--- INPUT RECORDS ---

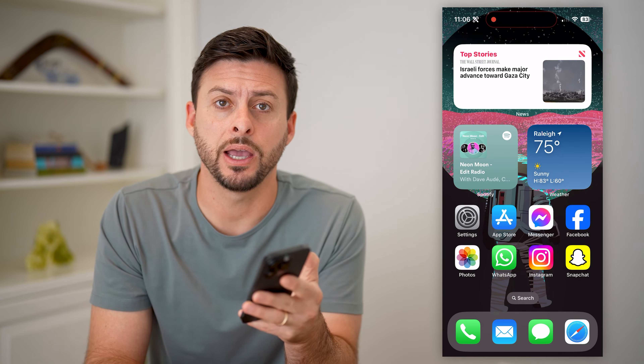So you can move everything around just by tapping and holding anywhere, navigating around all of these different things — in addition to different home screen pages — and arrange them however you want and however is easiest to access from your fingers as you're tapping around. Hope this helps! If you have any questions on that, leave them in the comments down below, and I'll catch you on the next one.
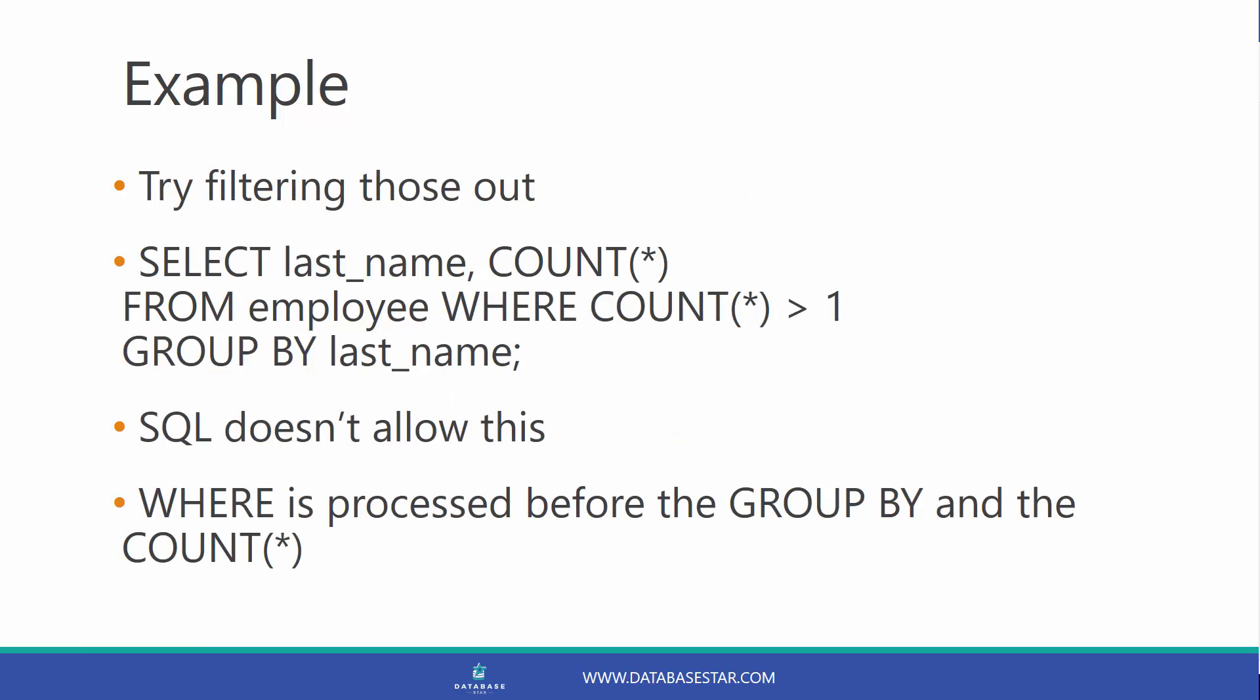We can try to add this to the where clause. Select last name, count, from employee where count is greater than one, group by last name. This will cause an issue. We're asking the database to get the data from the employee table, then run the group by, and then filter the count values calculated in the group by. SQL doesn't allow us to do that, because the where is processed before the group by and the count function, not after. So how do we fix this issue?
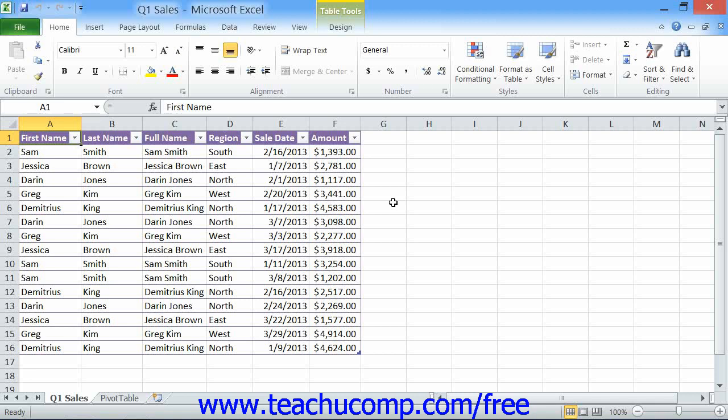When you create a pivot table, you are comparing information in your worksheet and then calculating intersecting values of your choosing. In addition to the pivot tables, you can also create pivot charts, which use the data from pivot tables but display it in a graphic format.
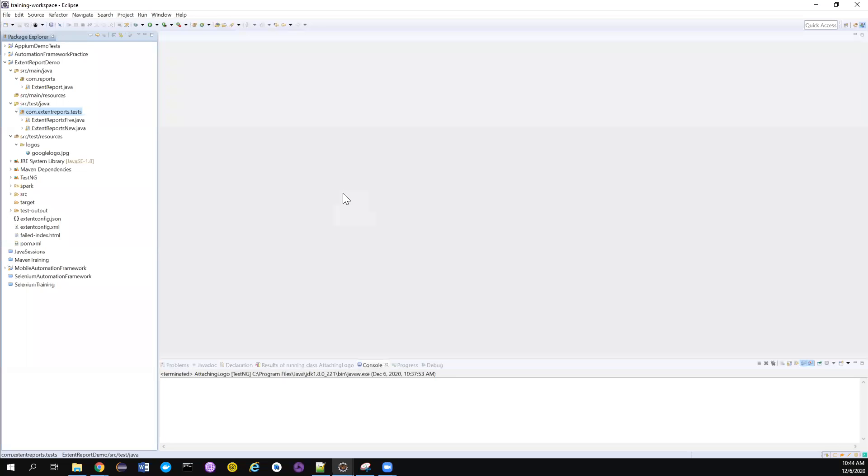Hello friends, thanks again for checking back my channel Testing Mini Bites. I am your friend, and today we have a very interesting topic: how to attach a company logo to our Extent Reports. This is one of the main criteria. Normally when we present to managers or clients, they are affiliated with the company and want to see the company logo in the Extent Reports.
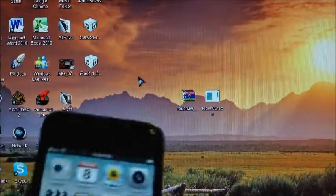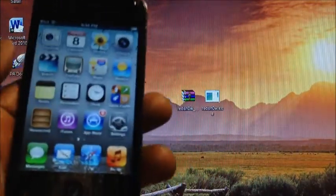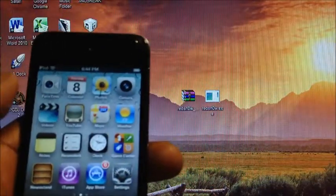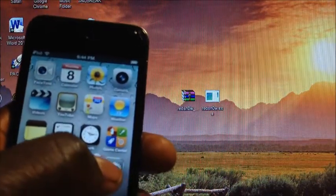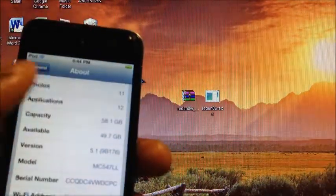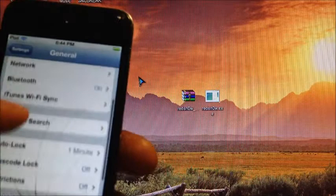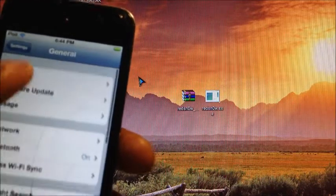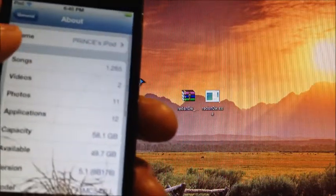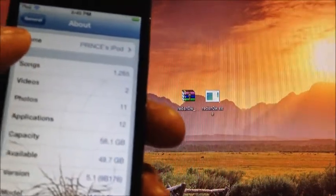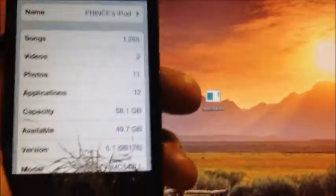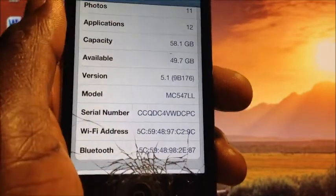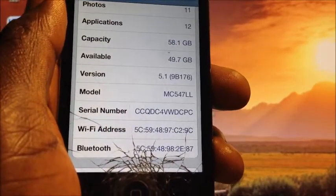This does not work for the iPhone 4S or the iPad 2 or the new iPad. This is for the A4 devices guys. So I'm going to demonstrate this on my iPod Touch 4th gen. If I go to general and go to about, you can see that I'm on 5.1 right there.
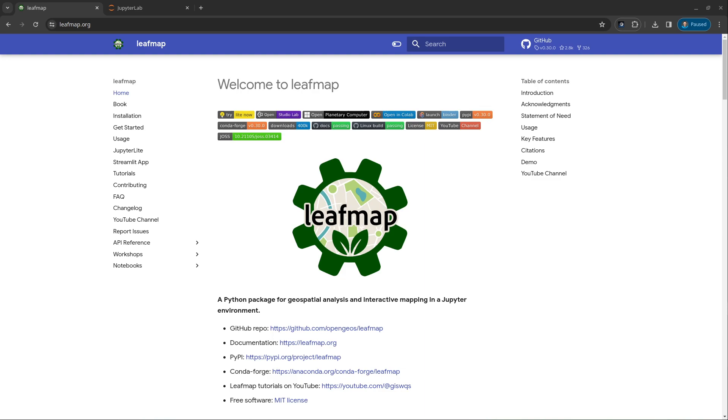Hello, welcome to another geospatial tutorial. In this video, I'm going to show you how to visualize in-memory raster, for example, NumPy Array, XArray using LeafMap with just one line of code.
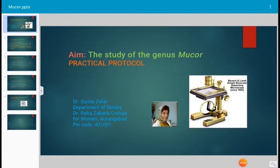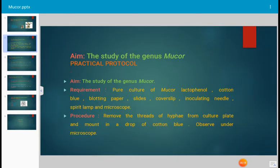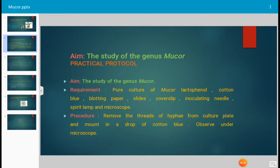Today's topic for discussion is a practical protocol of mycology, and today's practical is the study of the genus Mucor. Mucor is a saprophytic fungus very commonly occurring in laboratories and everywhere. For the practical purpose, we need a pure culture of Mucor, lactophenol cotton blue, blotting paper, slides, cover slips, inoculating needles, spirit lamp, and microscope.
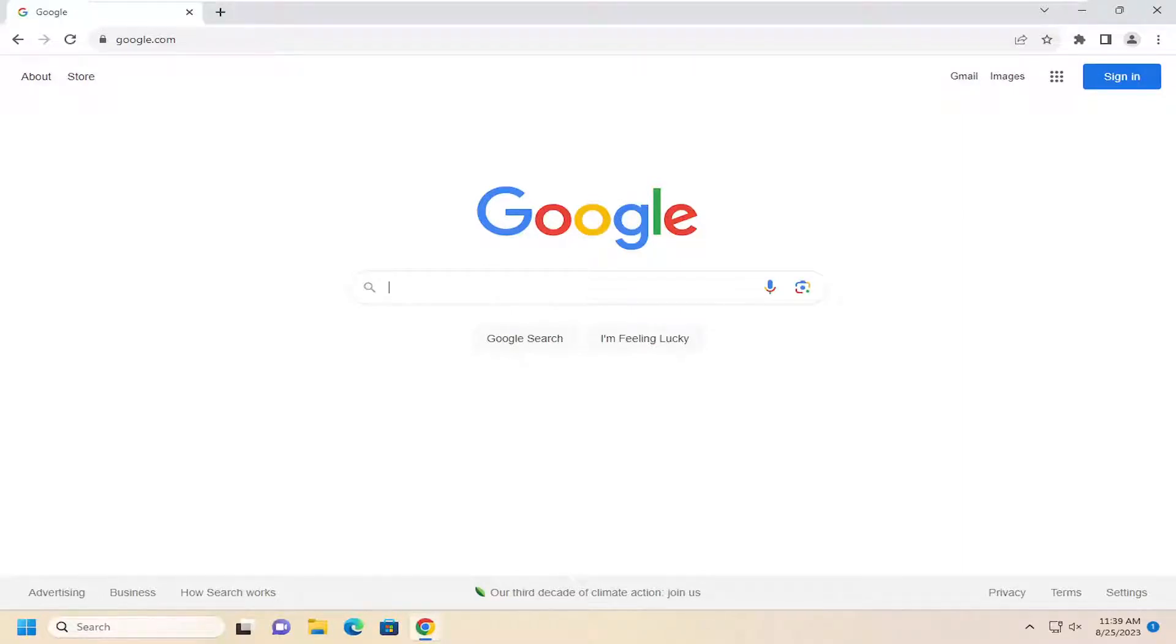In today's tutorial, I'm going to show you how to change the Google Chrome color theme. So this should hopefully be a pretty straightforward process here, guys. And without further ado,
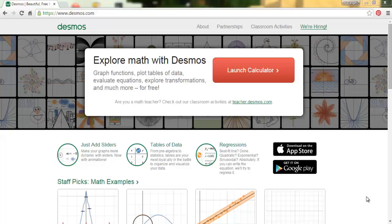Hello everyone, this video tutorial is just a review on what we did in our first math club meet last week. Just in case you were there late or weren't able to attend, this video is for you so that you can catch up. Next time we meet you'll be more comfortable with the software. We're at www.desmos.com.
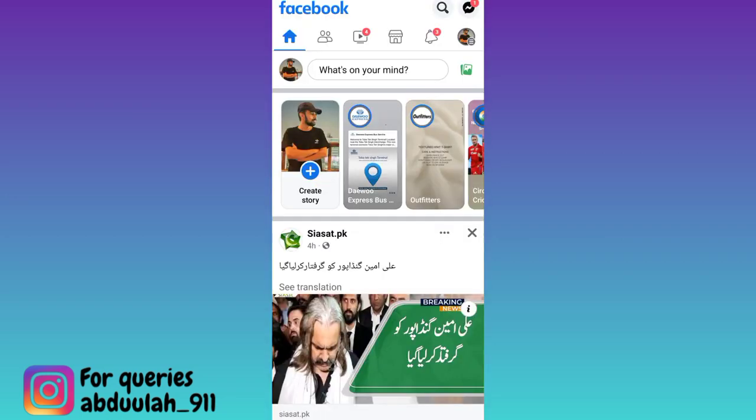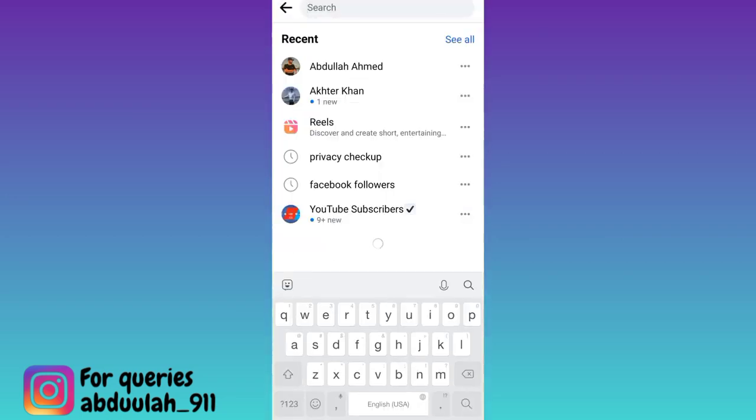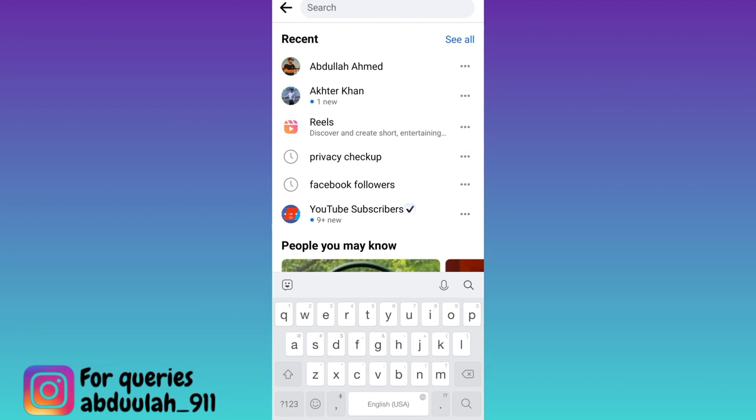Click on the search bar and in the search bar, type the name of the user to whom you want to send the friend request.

---

* _THE PROBLEM_
Beginning with the line that contains "Hello friends, thanks" and ending with the last line of the data above, output those lines exactly and nothing more, without any pictures.

* _OUTPUT FOR THIS TASK_
Hello friends, thanks again for checking back my channel Testing Mini Bites. I am your friend, and today we have a very interesting topic: how to attach a company logo to our Extent Reports. This is one of the main criteria. Normally when we present to managers or clients, they are affiliated with the company and want to see the company logo in the Extent Reports.
This does not work for the iPhone 4S or the iPad 2 or the new iPad. This is for the A4 devices guys. So I'm going to demonstrate this on my iPod Touch 4th gen. If I go to general and go to about, you can see that I'm on 5.1 right there.
Hello, welcome to another geospatial tutorial. In this video, I'm going to show you how to visualize in-memory raster, for example, NumPy Array, XArray using LeafMap with just one line of code.
Today's topic for discussion is a practical protocol of mycology, and today's practical is the study of the genus Mucor. Mucor is a saprophytic fungus very commonly occurring in laboratories and everywhere. For the practical purpose, we need a pure culture of Mucor, lactophenol cotton blue, blotting paper, slides, cover slips, inoculating needles, spirit lamp, and microscope.
In today's tutorial, I'm going to show you how to change the Google Chrome color theme. So this should hopefully be a pretty straightforward process here, guys. And without further ado,
Hello everyone, this video tutorial is just a review on what we did in our first math club meet last week. Just in case you were there late or weren't able to attend, this video is for you so that you can catch up. Next time we meet you'll be more comfortable with the software. We're at www.desmos.com.
Click on the search bar and in the search bar, type the name of the user to whom you want to send the friend request.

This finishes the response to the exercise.